## Try it
Transcribe the full listing, keeping every word as it stands.

## Records supplied

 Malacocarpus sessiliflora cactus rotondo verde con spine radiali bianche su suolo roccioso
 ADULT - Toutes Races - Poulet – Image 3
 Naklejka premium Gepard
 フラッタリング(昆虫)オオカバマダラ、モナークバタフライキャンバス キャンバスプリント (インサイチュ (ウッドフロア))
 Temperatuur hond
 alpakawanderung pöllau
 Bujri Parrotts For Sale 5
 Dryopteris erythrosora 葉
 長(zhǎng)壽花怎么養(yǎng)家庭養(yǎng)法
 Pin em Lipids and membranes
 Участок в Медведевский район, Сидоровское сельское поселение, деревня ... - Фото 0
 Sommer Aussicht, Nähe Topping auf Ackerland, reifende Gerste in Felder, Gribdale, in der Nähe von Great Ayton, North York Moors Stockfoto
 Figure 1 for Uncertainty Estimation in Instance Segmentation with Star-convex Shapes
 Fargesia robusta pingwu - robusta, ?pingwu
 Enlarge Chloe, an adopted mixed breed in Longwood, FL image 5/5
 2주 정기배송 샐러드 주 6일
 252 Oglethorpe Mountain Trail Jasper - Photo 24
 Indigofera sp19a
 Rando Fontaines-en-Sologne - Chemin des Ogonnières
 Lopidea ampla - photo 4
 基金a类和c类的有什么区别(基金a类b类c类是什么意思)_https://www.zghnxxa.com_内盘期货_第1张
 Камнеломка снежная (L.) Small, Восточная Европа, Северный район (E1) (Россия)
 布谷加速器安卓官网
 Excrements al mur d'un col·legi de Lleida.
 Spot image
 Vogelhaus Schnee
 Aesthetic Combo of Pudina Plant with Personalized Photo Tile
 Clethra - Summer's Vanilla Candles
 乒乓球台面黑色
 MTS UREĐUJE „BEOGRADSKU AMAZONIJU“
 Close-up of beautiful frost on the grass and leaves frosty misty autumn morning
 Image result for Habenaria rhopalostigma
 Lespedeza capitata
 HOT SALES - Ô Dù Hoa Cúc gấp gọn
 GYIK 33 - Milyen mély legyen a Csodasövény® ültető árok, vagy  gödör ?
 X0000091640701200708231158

## Response area
 Malacocarpus sessiliflora cactus rotondo verde con spine radiali bianche su suolo roccioso
 ADULT - Toutes Races - Poulet – Image 3
 Naklejka premium Gepard
 フラッタリング(昆虫)オオカバマダラ、モナークバタフライキャンバス キャンバスプリント (インサイチュ (ウッドフロア))
 Temperatuur hond
 alpakawanderung pöllau
 Bujri Parrotts For Sale 5
 Dryopteris erythrosora 葉
 長(zhǎng)壽花怎么養(yǎng)家庭養(yǎng)法
 Pin em Lipids and membranes
 Участок в Медведевский район, Сидоровское сельское поселение, деревня ... - Фото 0
 Sommer Aussicht, Nähe Topping auf Ackerland, reifende Gerste in Felder, Gribdale, in der Nähe von Great Ayton, North York Moors Stockfoto
 Figure 1 for Uncertainty Estimation in Instance Segmentation with Star-convex Shapes
 Fargesia robusta pingwu - robusta, ?pingwu
 Enlarge Chloe, an adopted mixed breed in Longwood, FL image 5/5
 2주 정기배송 샐러드 주 6일
 252 Oglethorpe Mountain Trail Jasper - Photo 24
 Indigofera sp19a
 Rando Fontaines-en-Sologne - Chemin des Ogonnières
 Lopidea ampla - photo 4
 基金a类和c类的有什么区别(基金a类b类c类是什么意思)_https://www.zghnxxa.com_内盘期货_第1张
 Камнеломка снежная (L.) Small, Восточная Европа, Северный район (E1) (Россия)
 布谷加速器安卓官网
 Excrements al mur d'un col·legi de Lleida.
 Spot image
 Vogelhaus Schnee
 Aesthetic Combo of Pudina Plant with Personalized Photo Tile
 Clethra - Summer's Vanilla Candles
 乒乓球台面黑色
 MTS UREĐUJE „BEOGRADSKU AMAZONIJU“
 Close-up of beautiful frost on the grass and leaves frosty misty autumn morning
 Image result for Habenaria rhopalostigma
 Lespedeza capitata
 HOT SALES - Ô Dù Hoa Cúc gấp gọn
 GYIK 33 - Milyen mély legyen a Csodasövény® ültető árok, vagy  gödör ?
 X0000091640701200708231158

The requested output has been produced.